I started a wholesale food business about 2.5 yrs ago and it's picking up. The current kitchen I use is grandfathered in so I'm using an electric stove and a convection oven that leaks gas when you turn it on (all state approved). The people who own the place are nice and let me use use it dirt cheap. However, it's time to move on.

My question is since there is nothing out there I had the delusion I can buy a small spot and put a commercial kitchen in. However, small spots are expensive. Anyway, I found a place w/ cheap rent about 750 sq ft  750.00 w/ a 5% increase per yr x 5 yrs. I would need to put everything into it. Hood,equipment etc.....I'm thinking a kitchen is about 35k? Than I have to wait for the zoning approvals etc. The other option is to buy a cafe w/ the equipment in place (they are asking 39k),sell off the stuff I don't need and turn it into a production place. It's in a retail plaza so I can retail the food I wholesale to specialty markets. However, the lease is really high 1700.00 per month and there is 3 yrs to go.  I have someone who will sublease but that's 600.00 per month. Which is dirt cheap for someone to store her stuff and come and go. 

I was hoping someone who had the experience of puting a commercial restaurant can help me.

Thanks so much!


----------



## ekinoderminator (Jun 8, 2010)

Hi Swedzfish - I'm a refrigeration contractor, so I'll give you that perspective.

35k isn't much when you add up all the demo, design, prep, equipment and install costs.

The 37k could be buying alot of liability. Some of the equipment could be better off recycled and the infrastructure could be in great need of repair. If you have a friend in the refrigeration, AC, plumbing, electrical, etc, trade you would be wise to get their hands on opinion regarding any existing equipment you'd be purchasing.

Good luck to you.


----------



## mikelm (Dec 23, 2000)

You're kidding yourself about the cost.

I managed to spend at least $45K in an out-to-the-studs remodel of the very small - 8' x 13' - kitchen in my condo.  The costs are a little murky because my son owned a cabinet shop and I got those pretty much at cost, and also I did quite a bit of the cabinermaking myself, covering only the cost of the materials. The appliances are not pseudo-commercial stylish, but just good-quality mass-market units. The installer worked in my son's shop and I got a good hourly rate from him; the granite-counter guy had received a good deal of business through my son, so I got a really good deal from him. 

I still went through, as I said, about $45K.

Good luck.

Mike


----------



## indianwells (Jan 2, 2007)

Isn't the general rule to estimate total cost.....then double it?


----------



## foodpump (Oct 10, 2005)

Money spent on infrastructure is money spent, lets not get into detail about the actual cost of renovations because that's a separate issue.

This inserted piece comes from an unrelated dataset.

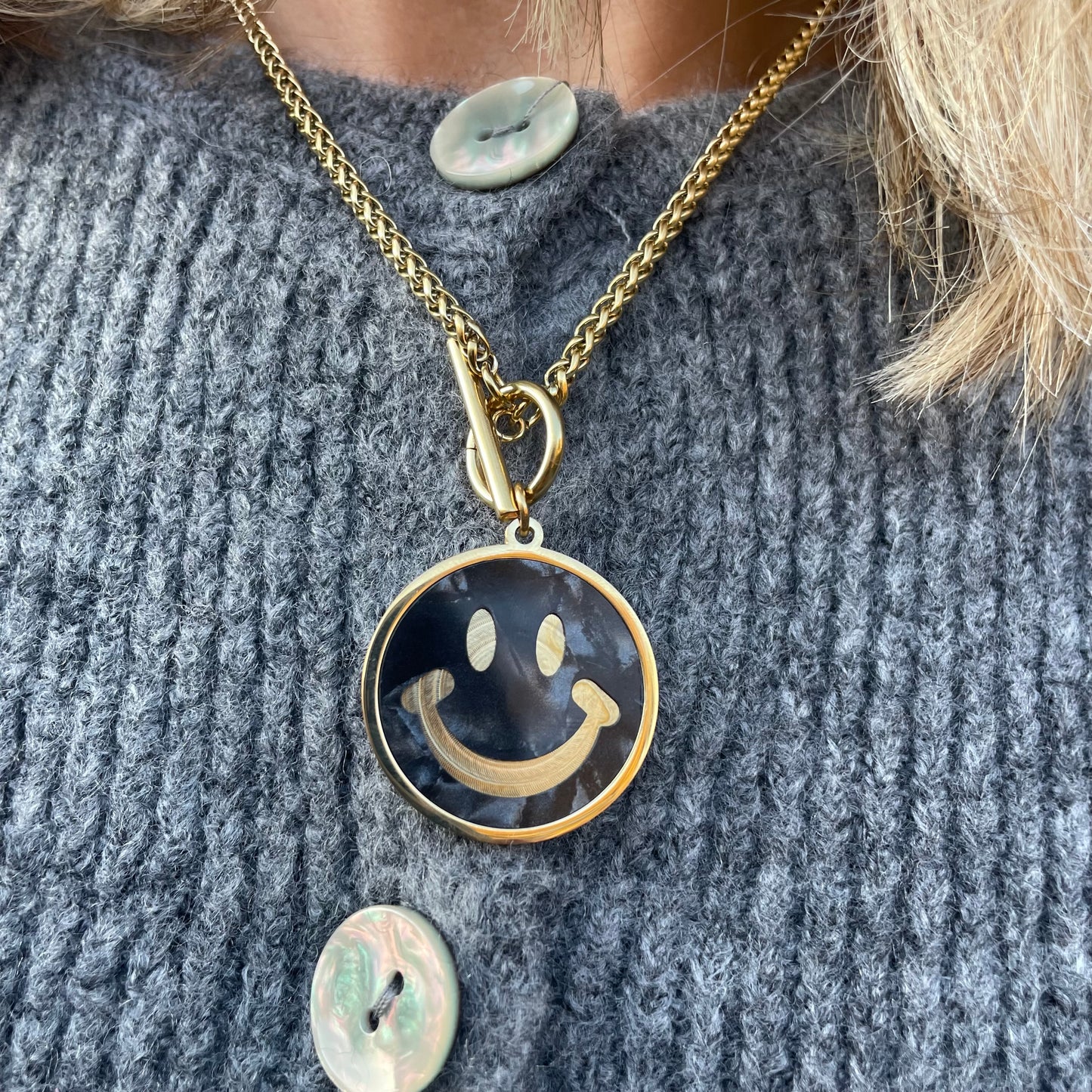 Ketting Smiley Grijs Zwart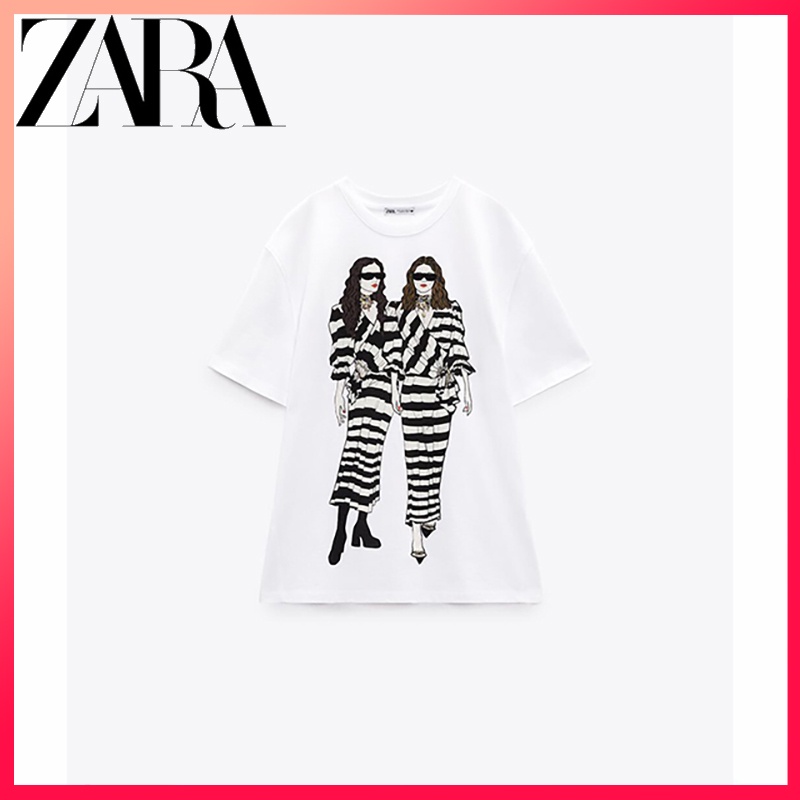 Zara Áo Thun In Họa Tiết Thời Trang Cho Nữ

The big issue, and one that will let you sleep peacfully or worry constantly for the next 5 + 5 years is the lease.

Are you getting, or negotiating some kind of a deal with the landlord seeing as that you are sticking in anywhere from 30--60 big bills in infrastructure upgrades?  It's kind of hard to take that stuff with you when you leave.

You need a lawyer to read through the lease.  What additional costs are you on the hook for?  Say, in the event of a water main break, is the tenant responsible to pay for "his share" of the repair and damage costs?  Building mainatainence, how much are you paying for?  Lease rate locked in for 5 yeras with no escalation?  What happens after the first 5?  Do you go back to the negotiating table and work with  "Sorry but we have to raise your rent by an additional 44% because the property values and rent have gone up?

Who owns the fixtures and chattels of the suite?  Who are your neighbors in the building?  Will they complain about odours or activity in the loading bay?

These are all items to consider before signing the lease and before spending one dime.

Remember, there is no such thing as a "standard lease",  just as there is no such thing as a "standard woman".  Every lease is unique with unique clauses and situations.  So if anyone ever feeds you with the line "it's a standrd lease" you MUST walk away.

If everythig smells right, you NEED to get a lawyer to read through the lease.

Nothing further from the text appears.